ECtHR, Moreira Ferreira v. Portugal

July 2017 - Portugal

The case concerned the rejection by the Supreme Court of a request lodged by the applicant for revision of a criminal judgment following a judgment delivered by the ECtHR on 5 July 2011. The application was lodged with the ECtHR on 30 March 2012. On 12 January 2016 the Chamber relinquished jurisdiction in favour of the Grand Chamber. The applicant is a Portuguese national who had been prosecuted and convicted for threatening and insulting conduct and ordered to pay damages to the victims. Ms Moreira Ferreira appealed against that first judgment but the court of appeal upheld the applicant’s conviction, although her sentence was reduced. Subsequently, she lodged an application with the ECtHR complaining that she had not been heard in person by the court of appeal. The ECtHR held that there had been a violation of Article 6 (1). As a result of the ECtHR’s decision, the applicant then lodged an application for review to the Supreme Court on grounds that according to the ECtHR’s judgment of 5 July 2011, the court of appeal’s judgment of 19 December 2007 was incompatible with Article 6 (1) of the ECHR. However, the Supreme Court refused to grant a review, given that it found that the lack of a hearing for the applicant in the Court of Appeal had constituted a procedural irregularity that was not amenable to review. Relying on Article 6 (1) (right to a fair trial), the applicant complained that the Supreme Court had incorrectly interpreted and applied the relevant provisions of the Code of Criminal Procedure and the conclusions of the ECtHR’s 2011 judgment, thus depriving her of the right to have her conviction reviewed.
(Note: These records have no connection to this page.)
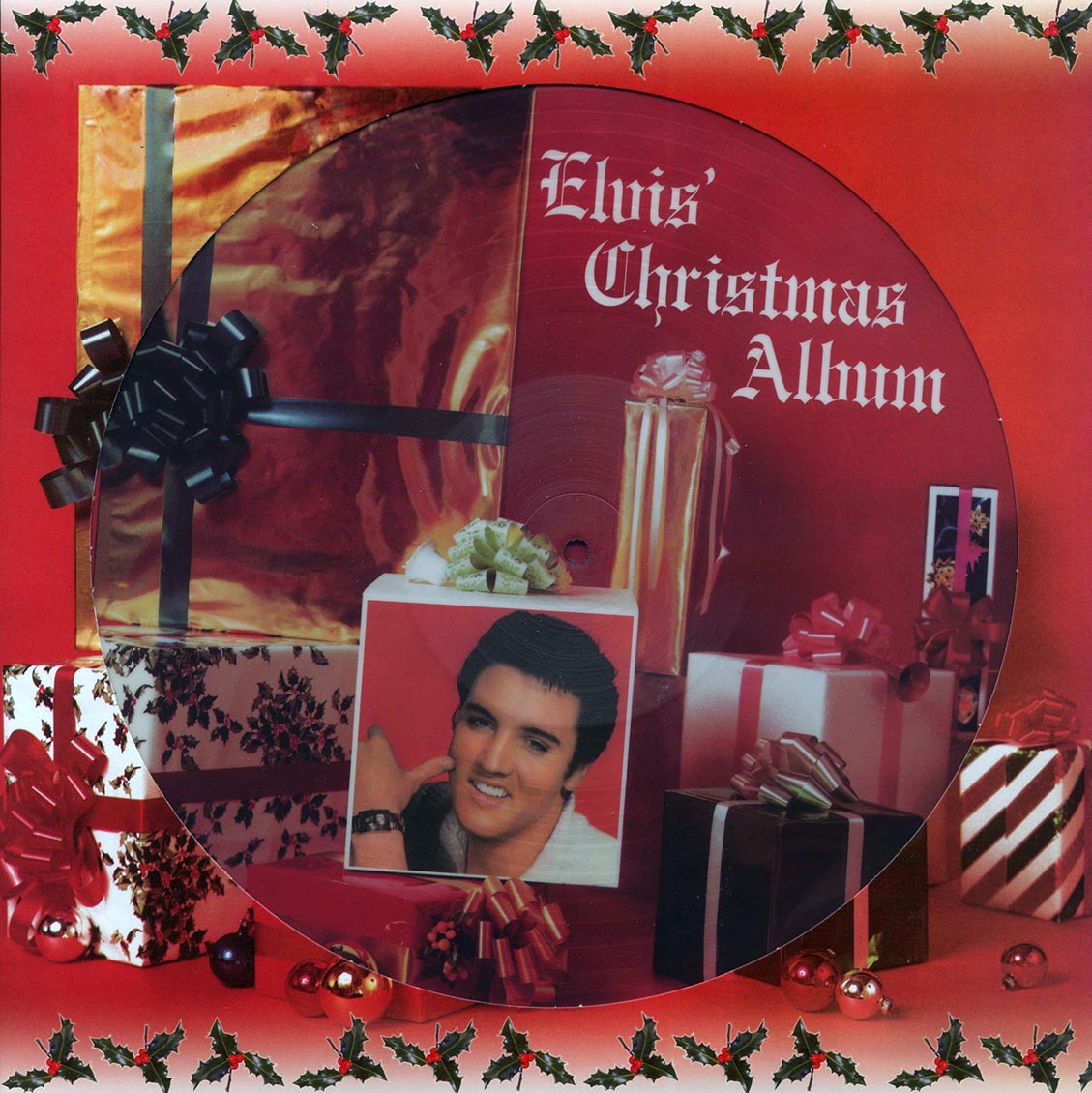 Elvis Presley - Elvis' Christmas Album (picture disc) - Vinyl LP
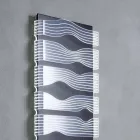 Zaprojektuj grzejnik hydrauliczny do salonu lub łazienki z diodą LED 839 W - połysk Viadurini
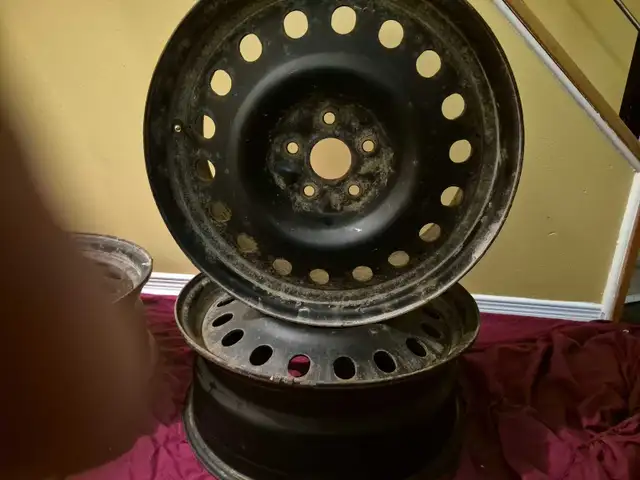 18 inch Steel Rims in Tires & Rims in Gatineau - Image 3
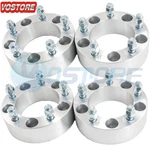(4) 2" Wheel Spacers Adapters 5X5.5" 9/16" Studs Fits Dodge Ram 1500 Van Durango. Fixed Price $87.50.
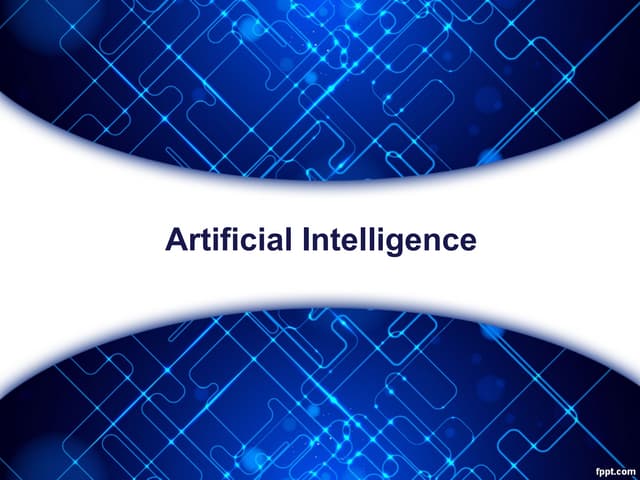 Arifical Intelligence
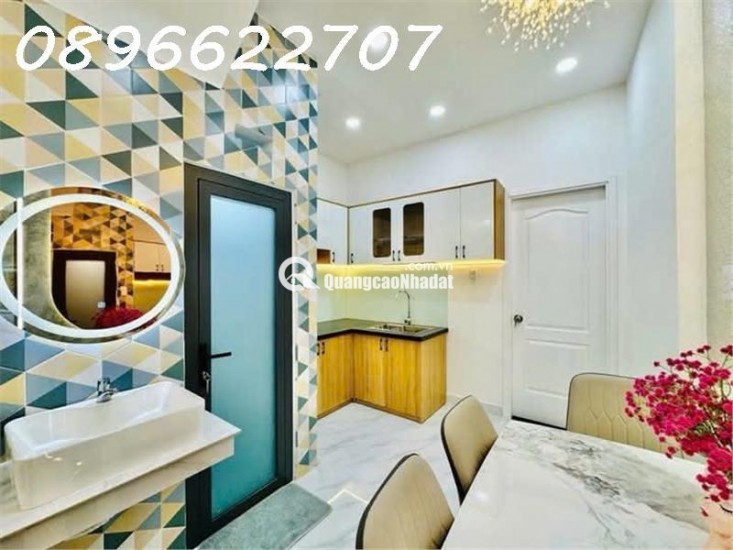 NHÀ NGAY NGUYỄN TRI PHƯƠNG Q10 - KHU VIP CĂN GÓC FULL NỘI THẤT - GIÁ CHỈ HƠN 5 TỶ
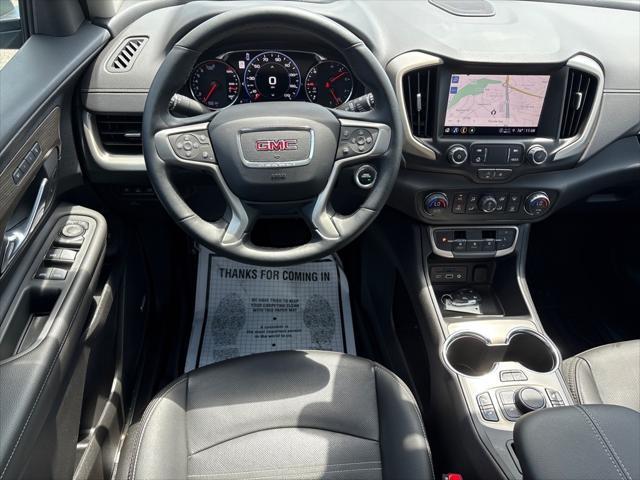 used 2024 GMC Terrain car, priced at $34,500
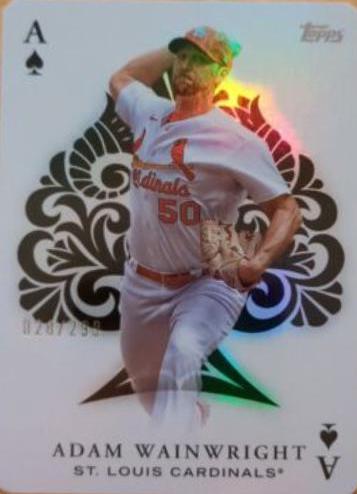 Adam Wainwright [Black] #AA-66
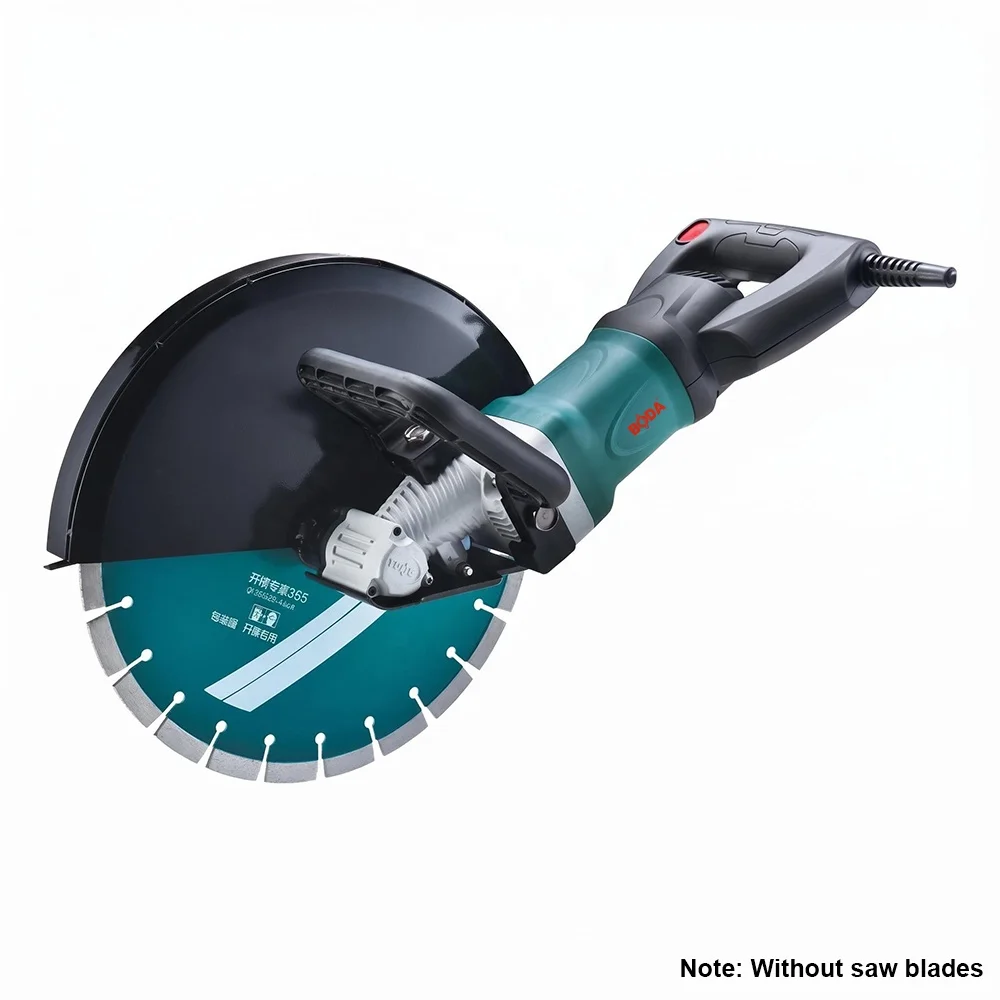 Industrial grade electric wall slotting machine, wall slotting concrete cutting machine, brushless cutting machine
Industrial grade electric wall slotting machine, wall slotting concrete cutting machine, brushless cutting machine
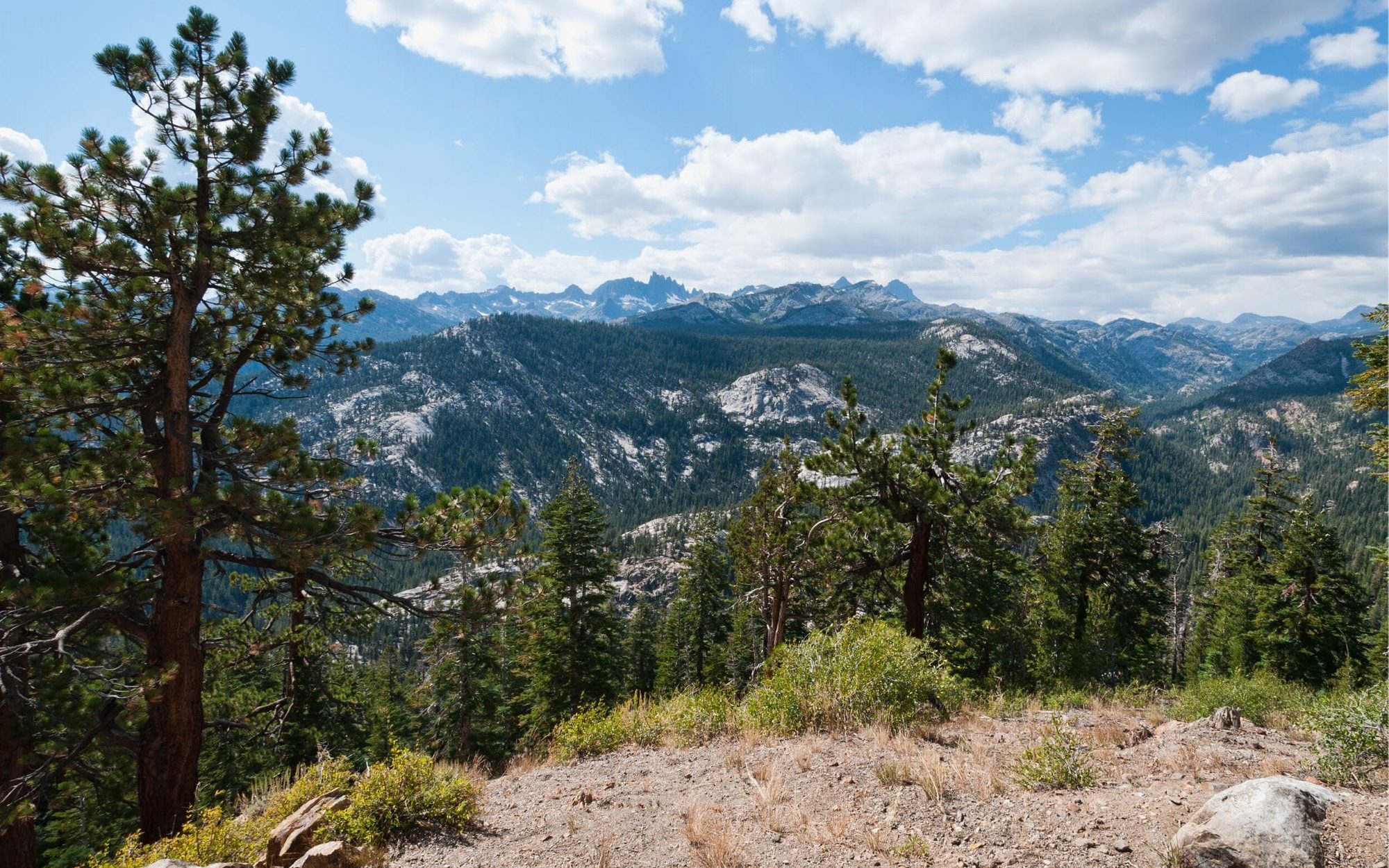 Overlook from hiking trail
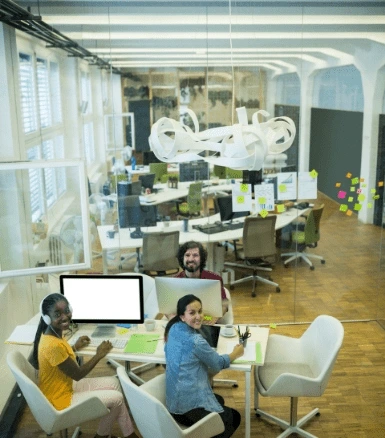 group-graphic-designers-working-together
The applicant further submitted that the Supreme Court’s dismissal of her application for review had been in breach of Article 46 (binding force and execution of judgments). The Grand Chamber regarded the principle of subsidiarity and considered that the Supreme Court’s refusal to reopen the proceedings had not distorted or misrepresented that judgment and that the grounds on which it was based fell within the domestic authorities’ margin of appreciation.